Hace un par de semanas, cuando fui a recoger a mis hijas al colegio, escuché cómo otra mamá le preguntaba a su pequeño mientras le alzaba cariñosamente en sus brazos: “¿tuviste algún problema hoy en la escuela, mi amor?”, “¿te peleaste con algún amiguito?”, “¿hubo algo que no te gustó?”.
El niño se limitó a negar con la cabeza y desvió su atención hacia los carros que en ese momento entraban en el recinto escolar. La madre trató en vano de hacerle hablar hasta que finalmente le tomó de la mano y se alejaron caminando en silencio.
Es evidente que aquella mamá, preocupada por el bienestar de su hijo, sólo pretendía entablar un diálogo con él. Sin embargo, sin darse cuenta y sin pretenderlo, lo que consiguió fue dirigir la atención del pequeño hacia los aspectos más negativos del día y suscitar en él cierto malestar o incomodidad.
¿Qué hubiera sucedido si, en lugar de “interrogarle” por los problemas, las posibles peleas o lo que no fue de su agrado, hubiese iniciado la conversación interesándose por los momentos más divertidos del día, los aprendizajes más interesantes o los juegos que más disfrutó?

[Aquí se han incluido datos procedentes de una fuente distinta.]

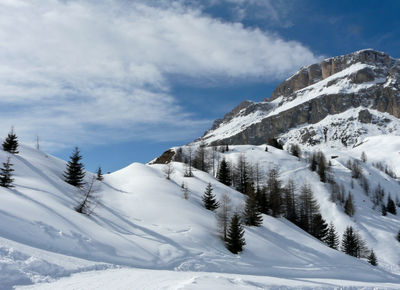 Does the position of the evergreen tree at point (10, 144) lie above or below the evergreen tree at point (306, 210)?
above

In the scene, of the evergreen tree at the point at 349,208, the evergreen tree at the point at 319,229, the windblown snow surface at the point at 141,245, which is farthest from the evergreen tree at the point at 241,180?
the evergreen tree at the point at 349,208

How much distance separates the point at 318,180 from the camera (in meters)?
88.4

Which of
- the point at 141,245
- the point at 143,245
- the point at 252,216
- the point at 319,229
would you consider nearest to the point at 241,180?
the point at 319,229

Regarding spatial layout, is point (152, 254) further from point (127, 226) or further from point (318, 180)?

Tal vez el pequeño, cansado de la jornada, tampoco hubiese pronunciado palabra alguna, pero su mente habría rememorado experiencias felices que, con seguridad, hubiesen suscitado en él emociones más positivas y generado, por ende, una mejor disposición de cara a la interacción.

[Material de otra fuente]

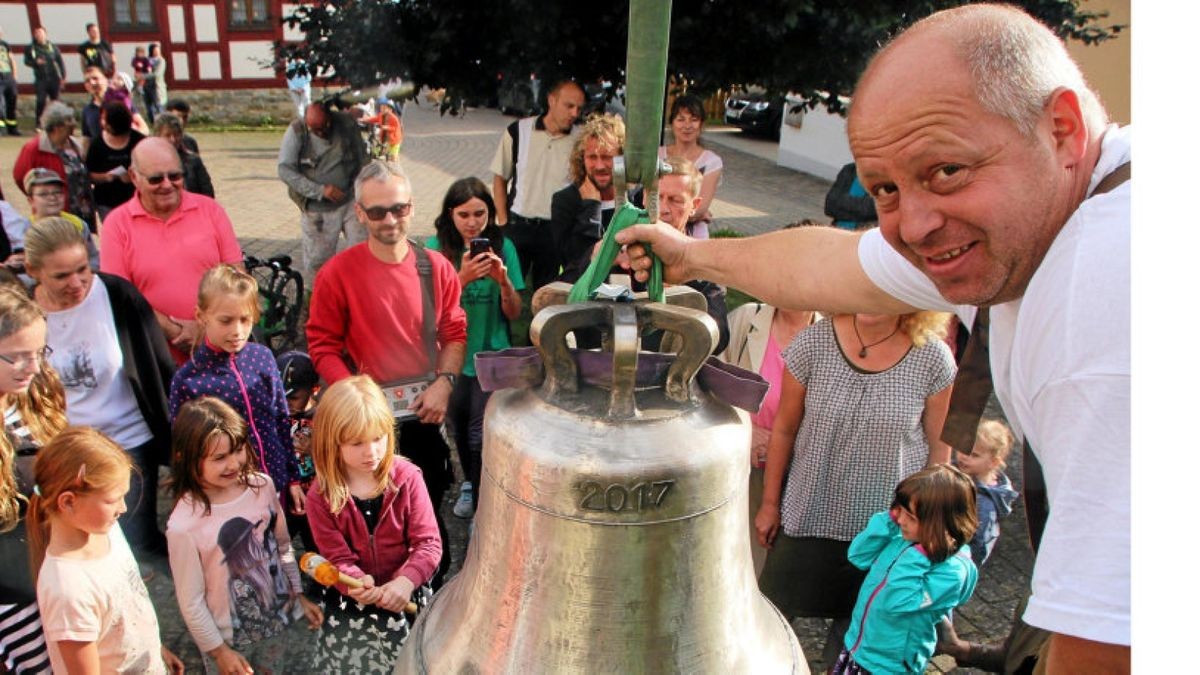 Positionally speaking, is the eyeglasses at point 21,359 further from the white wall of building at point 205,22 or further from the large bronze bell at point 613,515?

Los seres humanos poseemos un sesgo hacia lo negativo, a enfocarnos en lo que nos falta, en lo que no funciona, en lo que salió mal. Si nuestro hijo llega a casa con una boleta de calificaciones, habiendo aprobado todas las materias salvo una… ¿en torno a qué es más probable que gire nuestra plática posterior?, ¿a las asignaturas en las que obtuvo un 80, un 90, un 100… o a la que no pasó del 60?
Ese sesgo no es, en sí mismo, “malo”. Es inherente a nuestra naturaleza y cumple una función adaptativa: la de poder evitar, enfrentar o superar las carencias y/o las amenazas del entorno. No obstante, debemos estar alerta para que éste no domine nuestra percepción y nuestro pensamiento, convirtiéndonos en constantes “buscadores y detectores de errores”.
Nuestra realidad, nuestras vivencias, las construimos, en parte, por el foco donde ponemos nuestra atención. Si acostumbramos a subrayar lo que nos molesta (por ejemplo: que nuestra esposa o esposo es poco detallista), lo que no se ajusta a los estándares sociales o a nuestros ideales/expectativas (por ejemplo: que nuestro pequeño de 8 años no lee con fluidez), o lo que no tenemos (por ejemplo: una casa más amplia y luminosa), terminaremos (cada vez más…) instalados en la queja, en el reproche, en la amargura, en la frustración, en la envidia…y en la infelicidad. Si, por el contrario, reconocemos y valoramos lo bueno que hay a nuestro alrededor y/o concebimos las “carencias” como retos u oportunidades de mejora (por ejemplo: “mi esposo o esposa trabaja duro para que nuestra familia tenga un buen porvenir”; “mi hijo presenta ciertas dificultades en el área de la lecto-escritura, pero es un chico inteligente que, con el apoyo preciso, conseguirá desarrollar esta competencia”; “vivimos en una casa que no es tan espaciosa como desearía pero, hasta que reunamos el dinero necesario para adquirir otra más grande, vamos a disfrutar de las ventajas que nos ofrece”) nuestro nivel de satisfacción y bienestar se incrementará notablemente… ¡y estaremos en mejor disposición para construir el cambio!
Poner el foco en lo positivo no significa ignorar lo negativo ni refugiarse en una burbuja de ilusiones y autoengaño. Es evidente que debemos esforzarnos por cambiar lo que no funciona, lo que no resulta beneficioso o adaptativo, pero nunca desde el castigo o desde la crítica destructiva (ello solamente incrementará la pesadumbre, dañará la relación entre las personas implicadas y, a la larga, aumentará las complicaciones), sino desde las capacidades y fortalezas de los protagonistas y del sistema al que pertenecen.